DO'L: Absolutely. But I would have someone separate at the film offices that would know how to deal with locals, and not just Hollywood.

OK, good for you, I might do that.

JCC: I'd like to know what's going on with the minimum wage right now. Is that going to pass? And how come it's not going to be just a straight $7.50 implementation instead of a tiered system?

Well, first, I believe we need a minimum wage increase. But I wanted one to pass in the 30-day session. And so I proposed one that I believe could get support from business and from some Republicans. And so I decided that a three-tier implementation would do that. But it would also make New Mexico among the top four states in the union, in terms of how the minimum wage is. So it's nothing to sneeze about.

What I thought the best step I could take is, first, to endorse the idea of $7.50, that we should do it. [What my bill says is that] in January of 2007 you get $6.50, and then [eventually get to] $7.50. A lot of these moves were tactical. But I believe it was important for me to come out with something that would move thing forward in the business community.

SRA: It seems like our restaurant community is one part of the business community that has a good argument against raising the wage in their sector. That's one reason why the one in Albuquerque failed, I think—raising the wages for waitstaff basically from $2.50 to $4.50 when those people are coming home with 15 bucks an hour in tips.
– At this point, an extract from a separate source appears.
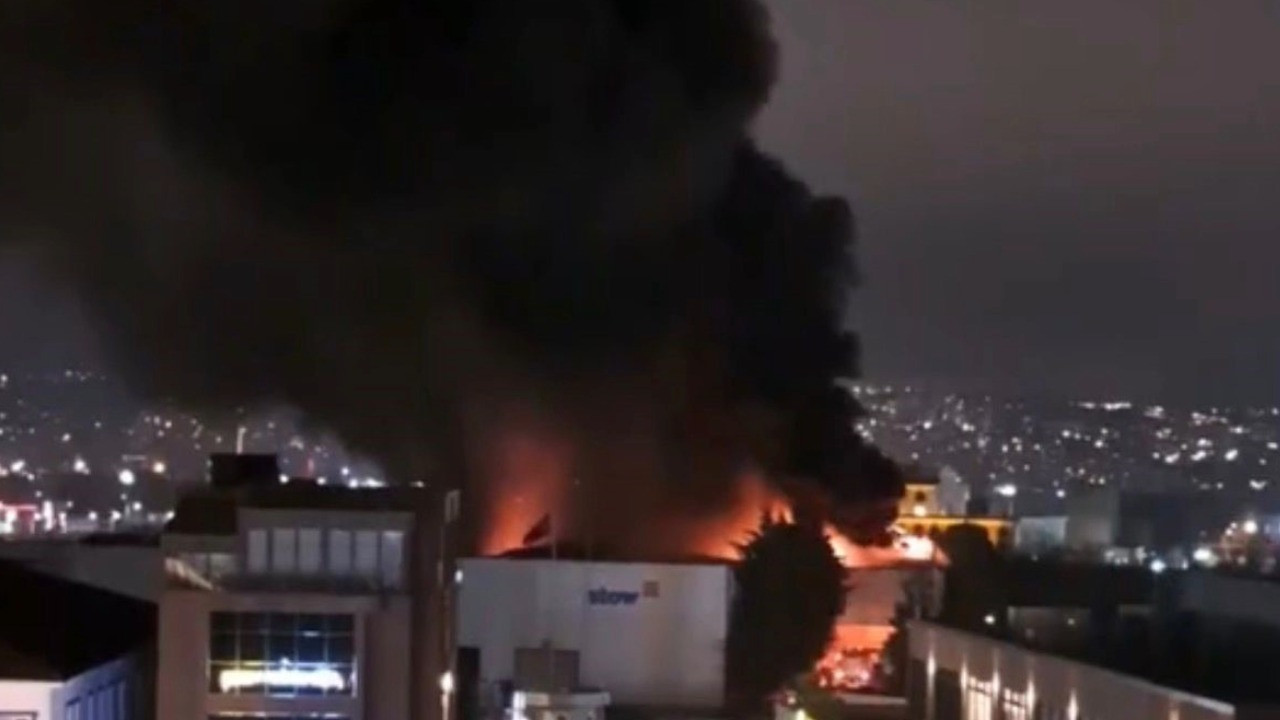 Raf imalatı yapılan fabrika alevlere teslim oldu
What do you think about that aspect of it?

Well, what I propose continues the restaurant breaks that exist now. What is the wage for restaurants? $2.50? And then you have tips. I don't think we change that very much. But, my view is that the reason the minimum wage failed in Albuquerque is because of that access provision. That was put in where anybody could go in find out, they could ask you for all your data about your employees. It scared people; people were thinking that they were going to find out about your medical records, identity theft. So they scared enough voters.

So I sat down [with the business community] and said, “Look, this minimum wage is going happen. Either you guys can come in positive and constructive, or if you stay out, you will get rolled. You know, go with it. I will support $7.50 an hour.” They decided to play ball and I think what we have is something that the state can handle. And if you are going to have a high-wage economy, then you've gotta pay higher wages.

CC: You've said you want New Mexico to be the Saudi Arabia of renewable energy. And there have been a number of initiatives in the last couple of years, in the last session, and with the solar tax credit for this session that are working toward that goal. Do you have anything else on the horizon planned for renewable energy, and do you feel like those initiatives are innovative and progressive enough?

Well, the solar tax credit is huge. You get that for all kinds of businesses. And I believe that looks good. That will make us a solar centerpiece. Another major one is the transmission authority, which allows the state to export and buy wind energy. That is on the table, too. And that will allow us to sell a lot of wind energy to California, and it also promotes more wind energy here. So, that's a second big one. We've got a bunch of others, like a production tax credit. If you are a renewable energy company and you bring equipment here, you get a tax credit. I mean, that's a plus, but that's not going to change the world. I mean, those two that I mentioned before are the big ones. And with the others that we have done—clean energy, revenue bonds, clean energy grants, green buildings, a tax credit for hybrid vehicles.

CC: To end, we'll ask you the same question everyone else does: Are you going to run for president?

The answer to that is, and I am going to give you a political answer, that I first have to finish the agenda as governor. I've got to get re-elected, and then I am not precluding any options. I am not ruling it out or in. I want to take a look at the future.